Toch, Ernst, Indexeintrag: Deutsche Biographie, https://www.deutsche-biographie.de/pnd11891796X.html [19.04.2024].

CC0

  • Genealogie

    V Moritz (1852–1904), aus Nikolsburg (Südmähren), seit 1868 in Ladendorf (Niederösterr.), Lederwarenhändler in W., S d. Elkan u. d. Rosalia N. N.;
    M Gisela Graf (1861–1937), aus Nikolsburg (Mähren);
    1 Schw Elsa (1884–1973, Oscar Roman, emigrierte 1939 n. L. A.);
    Wien (?) 1916 Lilly (Alice) Zwack (1892–1972), aus jüd. Fam., T e. Bankiers in W.;
    1 T Franziska Weschler (1928–88), studierte Psychol. an d. Univ. of California, L. A.;
    E Lawrence Weschler (* 1952), Schriftst. (s. W, L), Toni Weschler (* 1955), med. Publ.

  • Biographie

    T. wuchs in der Wiener Leopoldstadt auf und erhielt ab dem neunten Lebensjahr privaten Klavierunterricht. Belegt sind auch Kontrapunkt- und Harmonielehrestunden 1902/03 an der Vorbildungsschule des Konservatoriums der Musikfreunde in Wien, auch wenn sich T. später als Autodidakt sah. Wichtigste Inspiration war das Selbststudium von Werken klassischer Komponisten, besonders Mozarts Streichquartetten, und früh begann T. mit der Komposition eigener Quartette. Sein 6. Streichquartett op. 12 wurde 1907 durch das Rosé-Quartett im Wiener Musikverein uraufgeführt. Nach der Matura 1906 immatrikulierte sich T. in Wien für Medizin, wechselte dann zur Philosophie, bis ihm der Gewinn des Mozart-Preises der Stadt Frankfurt/M. 1909 ein Musikstudium am Hoch’schen Konservatorium ermöglichte. Hier war er Schüler bei Iwan Knorr (1853–1916, Komposition) und Willy Rehberg (1863–1937, Klavier). 1910 gewann T. den ebenfalls mit einem Stipendium verbundenen Mendelssohn-Preis der Stadt Berlin, außerdem 1911–13 dreimal den Österr. Staatspreis für Musik. 1913 erhielt er durch Vermittlung Rehbergs eine Anstellung als Kompositionslehrer am Konservatorium in Mannheim, wohin er nach dem in der österr. Armee 1914–18 geleisteten Kriegsdienst zurückkehrte.
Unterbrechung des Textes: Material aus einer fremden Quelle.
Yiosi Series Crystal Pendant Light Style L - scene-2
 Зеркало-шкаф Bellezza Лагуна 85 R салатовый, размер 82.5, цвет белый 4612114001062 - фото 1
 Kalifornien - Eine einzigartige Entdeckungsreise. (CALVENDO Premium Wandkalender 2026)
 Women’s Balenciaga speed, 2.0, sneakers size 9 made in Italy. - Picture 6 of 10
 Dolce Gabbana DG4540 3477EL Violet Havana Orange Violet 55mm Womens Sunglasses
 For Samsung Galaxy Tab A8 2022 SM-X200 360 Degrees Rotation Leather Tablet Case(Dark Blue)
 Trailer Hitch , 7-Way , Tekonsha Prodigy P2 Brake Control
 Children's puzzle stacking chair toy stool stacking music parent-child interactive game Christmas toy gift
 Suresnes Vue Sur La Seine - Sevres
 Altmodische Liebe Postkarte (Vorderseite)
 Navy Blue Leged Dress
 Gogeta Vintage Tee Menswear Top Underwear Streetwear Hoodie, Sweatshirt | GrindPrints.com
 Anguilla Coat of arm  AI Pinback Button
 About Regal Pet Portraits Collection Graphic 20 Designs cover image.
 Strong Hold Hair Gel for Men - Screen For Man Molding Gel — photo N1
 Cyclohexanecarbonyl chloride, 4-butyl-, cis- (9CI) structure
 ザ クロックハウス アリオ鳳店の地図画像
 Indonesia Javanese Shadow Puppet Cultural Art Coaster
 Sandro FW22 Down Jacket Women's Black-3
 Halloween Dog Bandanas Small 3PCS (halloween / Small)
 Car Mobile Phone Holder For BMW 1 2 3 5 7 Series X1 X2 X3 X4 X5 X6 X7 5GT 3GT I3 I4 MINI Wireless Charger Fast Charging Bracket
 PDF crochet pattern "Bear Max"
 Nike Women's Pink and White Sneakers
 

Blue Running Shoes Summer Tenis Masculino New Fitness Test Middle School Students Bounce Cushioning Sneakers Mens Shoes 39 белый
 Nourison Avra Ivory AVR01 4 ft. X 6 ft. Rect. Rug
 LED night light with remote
    1921 wurde T. in Heidelberg bei Theodor Kroyer (1873–1945) mit seiner Arbeit „Beiträge zur Stilkunde der Melodie“ promoviert. Mit der Uraufführung seines Streichquartetts op. 28 errang T. auf dem Tonkünstlerfest des Allgemeinen Dt. Musikvereins 1923 in Kassel einen durchschlagenden Erfolg. Im selben Jahr ermöglichte ihm ein Fünf-Jahres-Vertrag des Musikverlags Schott, der 1928 verlängert wurde, seine Lehrtätigkeit am Konservatorium Mannheim zu beenden und sich ganz der Komposition zu widmen. Die folgenden Jahre bis 1933 bilden die fruchtbarste und erfolgreichste Schaffensphase in T.s Leben. Seit Mitte der 1920er Jahre war T. mit seinen Werken auf allen wichtigen Festivals der neuen Musik vertreten, wie z. B. den Musiktagen Donaueschingen, dem Festival neuer Musik Baden-Baden und den Konzerten der Internationalen Gesellschaft für Neue Musik. Neben Klavier- und Kammermusik entstanden vermehrt auch Orchesterkompositionen, darunter das Konzert für Cello und Kammerorchester op. 35 (1925) und das Klavierkonzert op. 38 (1926), das durch Walter Gieseking, Elly Ney und Edwin Fischer erfolgreich u. a. in Berlin, London, Paris, Amsterdam und New York aufgeführt wurde.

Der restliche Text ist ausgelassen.